Maybe both. I think that we matured as people and then decided to mature the band because of that. As we matured as people, I think we got tired of what we were doing before, with the cover songs and the imagery, everything like that. We decided we wanted to do things differently, and we’re lucky that our fan base is very accepting of that. We move in different paths and they follow us the whole way. We aren’t 18-year-olds anymore and we aren’t a Disney band. We don’t write music for 13-year-olds. Maybe there are 13-year-olds that like us. I liked a lot of cool bands when I was 13, like Metallica and all kinds of stuff. We’re just not in the business of saying, "What do the people want, what’s gonna sell and let’s do that." That’s just not who we are.
In what ways do you see the band continuing to evolve in the future?

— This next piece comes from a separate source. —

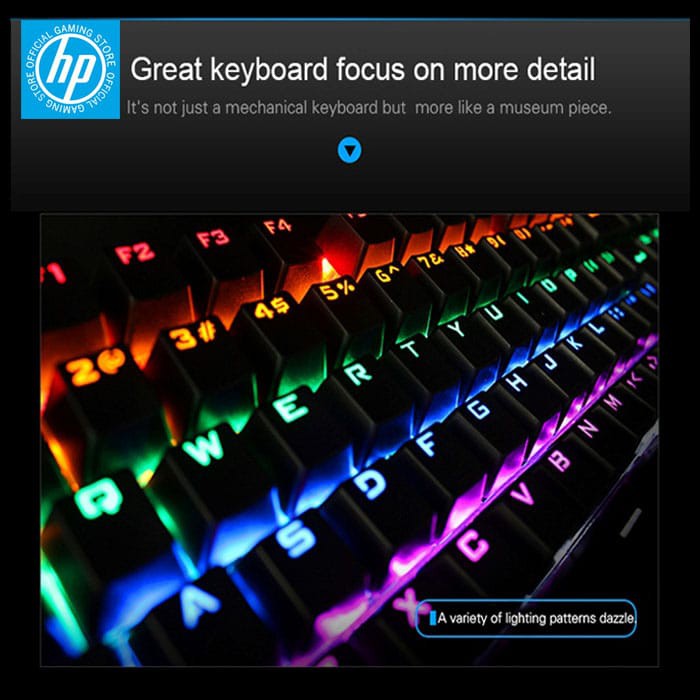 Keyboard Gaming HP GK200 - RGB Blue Switch TKL Mechanical Keyboard  original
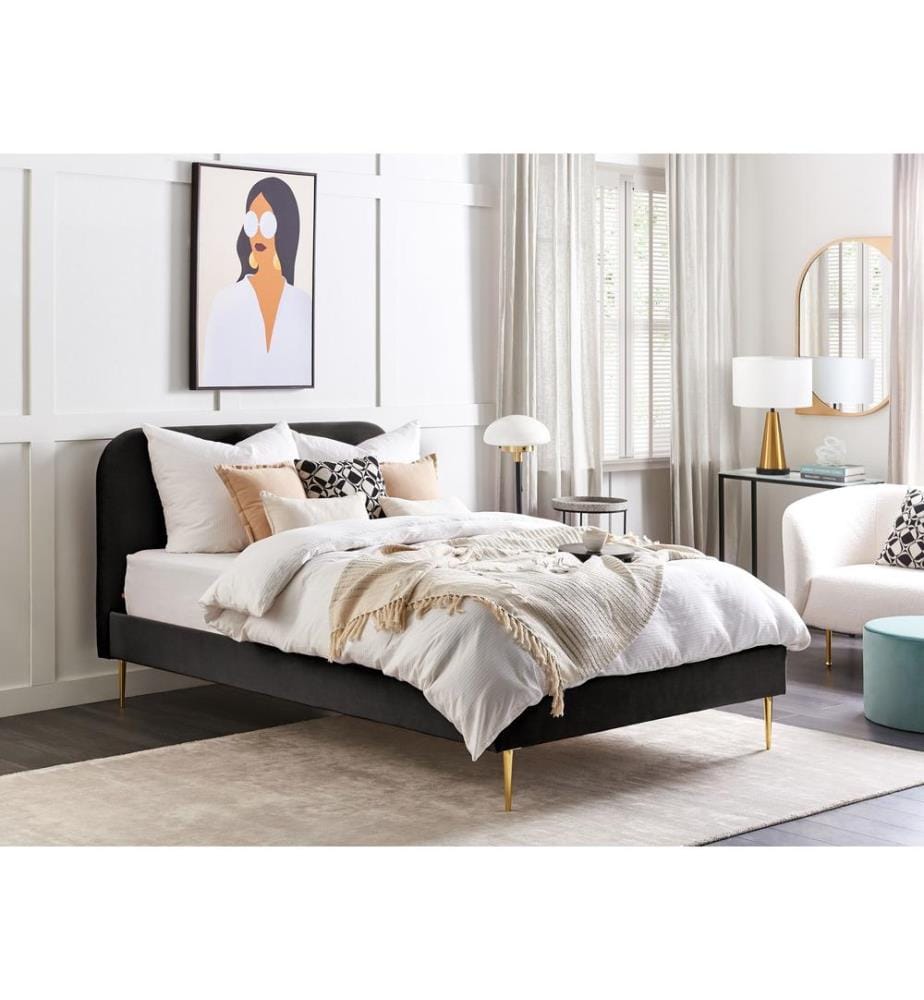 Lit avec sommier Velours FLAYAT 140 x 200 cm Noir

That’s tough. I really don’t know. I had no idea how this record was going to turn out. I really never do. I never know how it’s gonna go or whether it’s going to be any good. I think we worry throughout the whole album process about whether it’s going to be worse than what we did before or better. I really don’t know. I have ideas already of stuff that we can do. I want to work on the media side and try and get as much video content from our end as possible. That’s pretty exciting and we have some pretty big projects coming up involving that.
What do you say to fans who suggest the band is betraying its lineage by ignoring its earlier material?
I really don’t know what to say. I think we felt that we had written really good songs at that point that were deserving of being played, but I don’t think that any of them were our ‘Raining Blood’. I think that we were young then and trying to figure things out, and I think the era that we grew up in forged the way towards who we are now. We still play quite a few songs from our last few albums, but in terms of our first two albums, I can’t imagine the vast majority of our fan base wanting to hear them.
When is the band planning on returning to Australian shores to promote the album?
As soon as humanly and physically possible. We had a blast on the last tour. I love Australia, I love the environment, I love the atmosphere, I love the energy, I love everything about the country. As soon as we can go and play, we will. We actually got the call for the A Day To Remember tour when we were recording the album, and we were told that they needed to know within the next hour if we could do the tour. We’re like, "Ah, put us down as a yes." They said, "What? Don’t you want to hear about money or anything?" We’re like, "Nah, we’re good" (laughs).
With five albums and an EP in eight years, are the band’s eyes already set on a new release?
I don’t think so yet. I think this one especially was pretty draining, and at the same time, there’s so many events going on in our lives. I got married two years ago and our guitarist Chris just got married. We’re not wanting to jump onto the next thing right now. We just want to keep touring and pushing this album as much as we can. I’d say Chris already has four songs on his computer, so don’t listen to anything I say (laughs). He’s probably already working on the next record.
Thanks for your time. Are there any comments you’d like to finish on?
We appreciate the support. We appreciate anybody checking out the band. We really do everything in our power to keep putting out stuff that is worth checking out and listening to. That’s going to be our goal moving on into the future. I think as we get older, our fans are getting older and they work harder for their money and their schedule is harder to work around, so we take it very seriously when we come out to a show and understand that it means a lot for them to get value for their dollar and when they buy a record, they want to get value for their money, so that’s what we’re gonna keep trying to do.